Mother Nature and the media walloped Allen Johnson Jan. 1, 2010 when Citrus Bowl stadium hosted what became known as the “Mud Bowl.” The executive director of Orlando Venues learned a lot that year about covering all your bases and making sure everyone is doing their job.
In December 2009 the Citrus Bowl [now Camping World Stadium] hosted Florida’s high school football championships. They had won the bid for those games years earlier and, given their experience and mission, did not think six games over three days would be a problem on their natural turf field.
However, that December set records as the wettest and coldest on average in Florida.
As soon as they finished the high school football games in early December, Johnson was called to a meeting with his stadium superintendent, head groundskeeper and the representative from Florida Citrus Sports who puts on the Bowl games at the Citrus Bowl, including the premiere Capital One Bowl Game on New Year’s Day, preceded by the Champs Sports Bowl. They walked the field and agreed it was “a little wet.”

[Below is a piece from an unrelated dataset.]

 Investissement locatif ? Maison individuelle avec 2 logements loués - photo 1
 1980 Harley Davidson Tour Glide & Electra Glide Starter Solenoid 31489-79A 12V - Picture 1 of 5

“These high schoolers in Florida, they’re not 120-pound little wingbacks anymore,” Johnson said. “They are 250-pound drivers who will play at Division I colleges. And the other thing is, they spend the bulk of the game between the 35s (yard lines). That’s the sweet spot for them.”
That day, the knowledgeable executives walked the field and made an agreement to re-sod end zone to end zone. They knew it could be done because Orlando had an annual contract with a sod field in the Tampa area. They grew grass for the city and kept it until it was needed. Orlando Venues then bought it on demand.

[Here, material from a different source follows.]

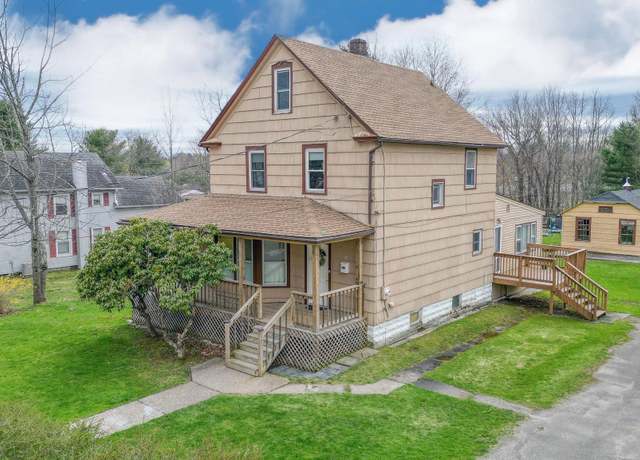 Property at 65 Liberty St, Monticello, NY 12701, 3 beds, 2 baths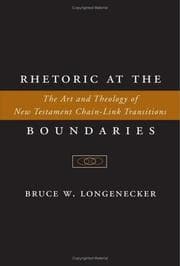 Tapa de Rhetoric at the boundaries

That’s when circumstance joined Mother Nature in beating Johnson up. “Unbeknownst to me, we had a new purchasing director for the city of Orlando who nullified all annual contracts and made them all be rebid. Our sod field deal was considered an annual contract and was canceled. No one informed me. We didn’t get any bid out. It just flew under the radar.”
The trusted and longtime sod farm had no sod to sell them.
He turned to his turf consultant who advised they could issue a quick RFP and bid it overnight. It was tight. It was Dec. 15 and they had the Champs Sports Bowl on Dec. 27, prior to the Capital One Bowl on Jan. 1.
The request for proposals was hurried through, specifying the city required sod that was ¾-inch thick, had six months plus mature growth and came in sheets of 48 feet (domestic/residential sod comes in 24-foot sheets). “We needed four-foot pieces so there are less seams to worry about growing together,” Johnson said.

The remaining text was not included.